Deregulatory actions already taken and mentioned in the report by EPA include:
- Clean Power Plan repeal efforts
- Non-enforcement of the Methane Emissions Standards for Oil and Natural Gas Sector
- Cancelling the Oil and Gas Information Collection Request
- Reconsidering and lowering the Mid-Term Evaluation for Light-Duty Vehicle Greenhouse Gas Emissions Standards
- Delaying and reviewing the Steam Electric Effluent Limitations Guidelines
- Proposed rescission of the Waters of the United States
DEPARTMENT OF COMMERCE
The Department of Commerce releases its recommendations in response to EO 13783, identifying several “agency actions for potential reform.” The following are regulations that add to the time it takes to license and permit offshore oil and gas and increase industry’s regulatory burden:
- The Endangered Species Act
- The Marine Mammal Protection Act
- Essential Fish Habitat under Magnuson-Stevens Fishery Conservation and Management Act
- National Marine Sanctuaries Act
- Federal Power Act Licensing
Commerce also identifies seismic testing guidance for protecting marine mammals, guidance for responding to marine mammals in oil spills, and considering climate change in fisheries endangered species act decisions as rules that may “shackle” American energy instead of “promoting” it.

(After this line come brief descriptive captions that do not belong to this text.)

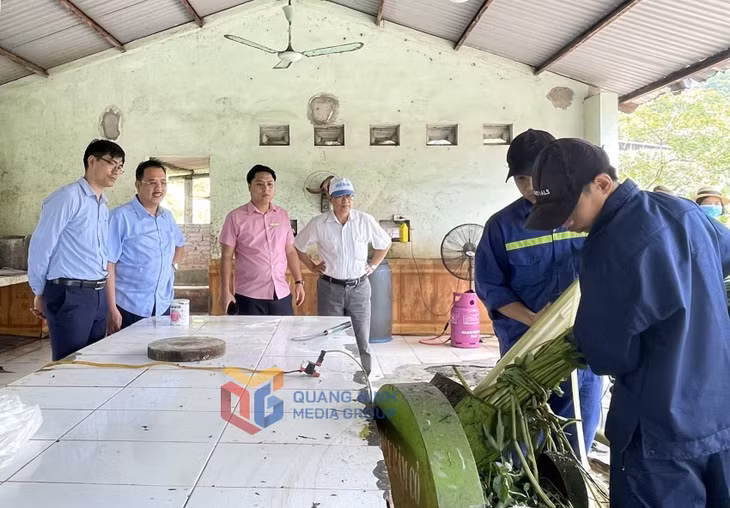 Cán bộ Sở KH&amp;CN Quảng Ninh kiểm tra tiến độ thực hiện nhiệm vụ KHCN tại Công ty CP Thiên Thuận Tường (TP Cẩm Phả).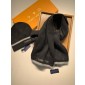 Sciarpa e cappello in cashmere LV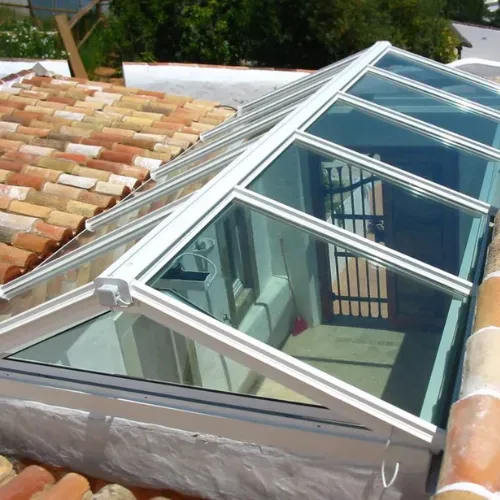 montaje de lucernarios y tragaluces en torrejon de velasco, madrid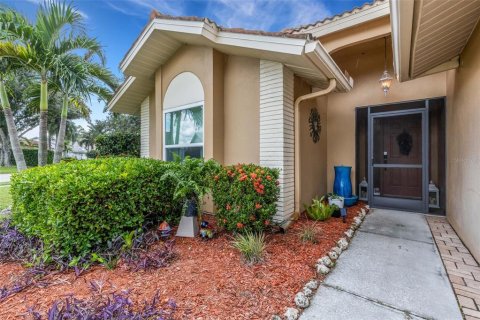 Villa ou maison à vendre à Sarasota, Floride: 3 chambres, 163.42 m2 № 2350365 - photo 5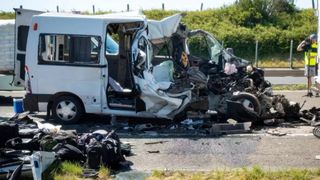 Carnagiu pe autostrada M1 din Ungaria. Opt persoane și-au pierdut viața după ce un șofer ar fi adormit la volan, iar un microbuz s-a lovit de un convoi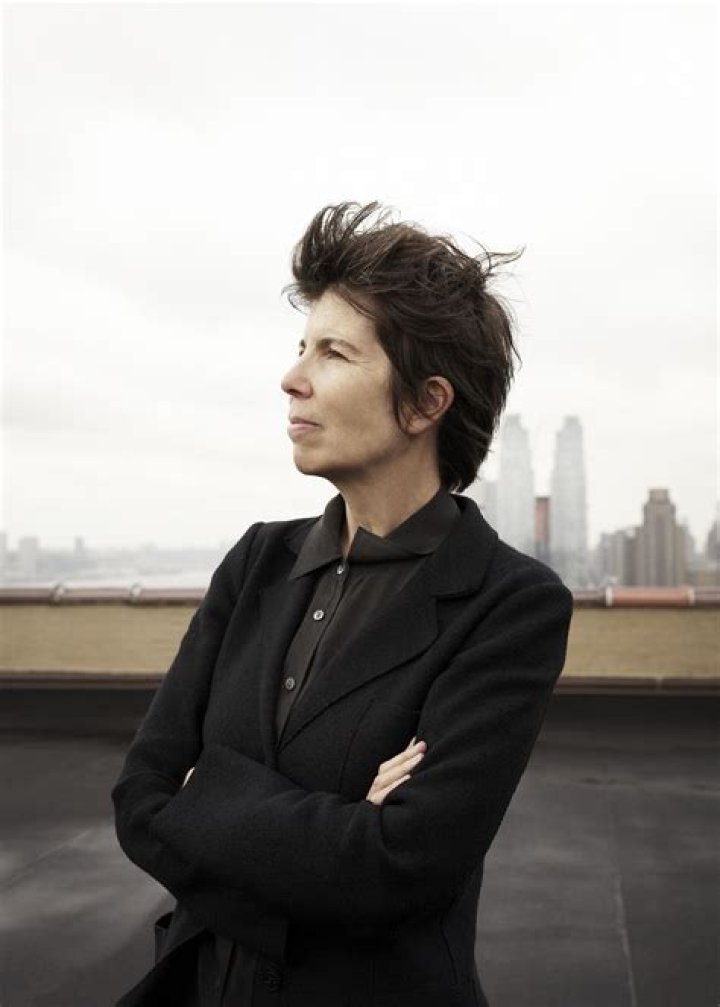 Is Liz Diller a licensed architect?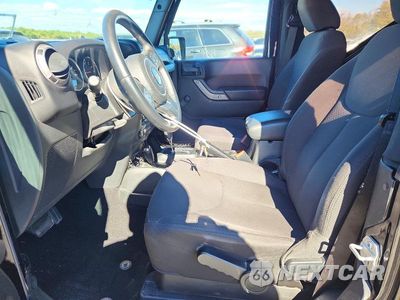 Zdjęcie 7 z 13 samochodu: 2017 JEEP WRANGLER SPORT VIN:1C4AJWAG1HL573984 - miniatura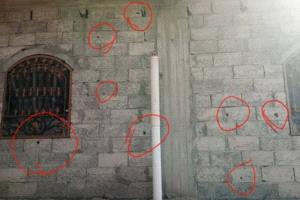 مسلحون مجهولون يستهدفون منزل مواطن في إب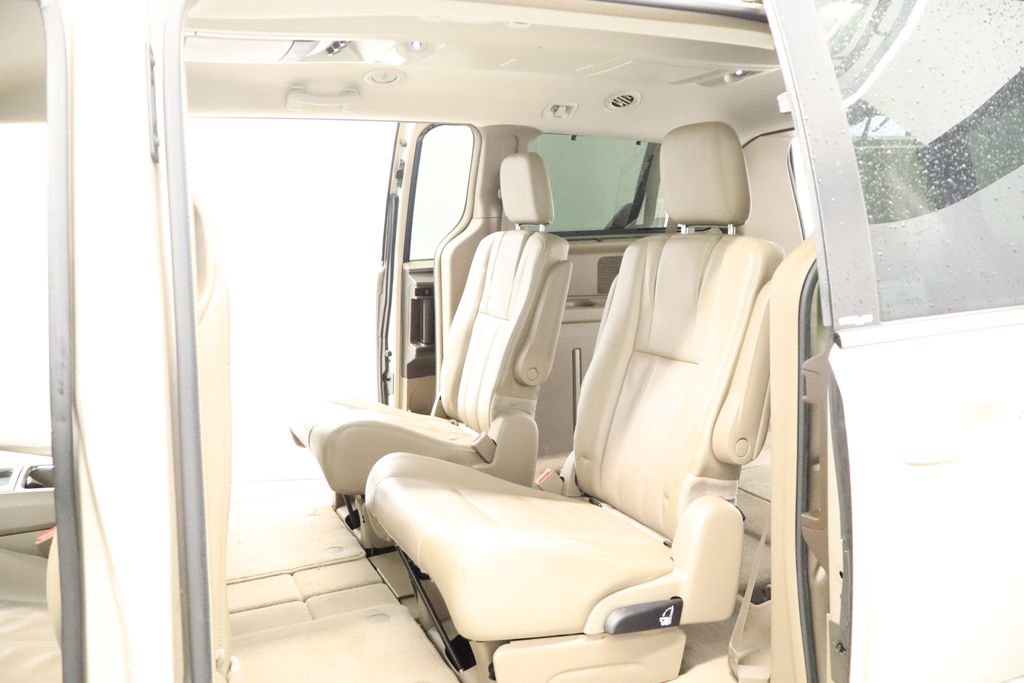 Thumbnail: 2014 Chrysler Town & Country - 30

DEPARTMENT OF THE INTERIOR
The Department of the Interior (DOI) releases its EO 13783 report finding that “several costly and burdensome regulations from the past threaten that balance (of economy and environment) by hampering the production or transmission of our domestic energy.” DOI targets wildlife, environmental, and protester rules that impede mineral development and energy projects in its 42-page report. Among the deregulatory items described:
- The Bureau of Land Management (BLM) will investigate how to speed up permits for energy and mineral developers working on and through public lands, including national monuments and wild and scenic rivers. For example, BLM will review the use of NEPA in energy and mineral development to reduce the regulatory burden it imposes.
- BLM will review “protest regulations and policy” to “limit redundant protests that hinder orderly development.”
- BLM is already in the process of reviewing and delaying a rule to prevent methane emissions from energy production on public lands and rescinding a rule governing hydraulic fracturing on federal and tribal lands.
- The Bureau of Energy and Ocean Management (BOEM) will review seismic testing permitting and how to reduce marine mammal and endangered species protections during energy exploration and development.
- BOEM will also review a proposed air quality rule for offshore energy development, a rule determining how much money companies must reserve for safely decommissioning oil rigs, and how the Arctic is developed.
DOI plans to review protections of bald and golden eagles “to reduce the burden on industry,” and review the protection of migratory birds in pipeline development and operations.
Earlier this year, Congress and President Trump voided the Stream Protection Rule using the Congressional Review Act.
Early Biden Actions
Jan. 20, 2021 President Biden revokes EO 13783 in Executive Order 13990, “Protecting Public Health and the Environment and Restoring Science To Tackle the Climate Crisis.”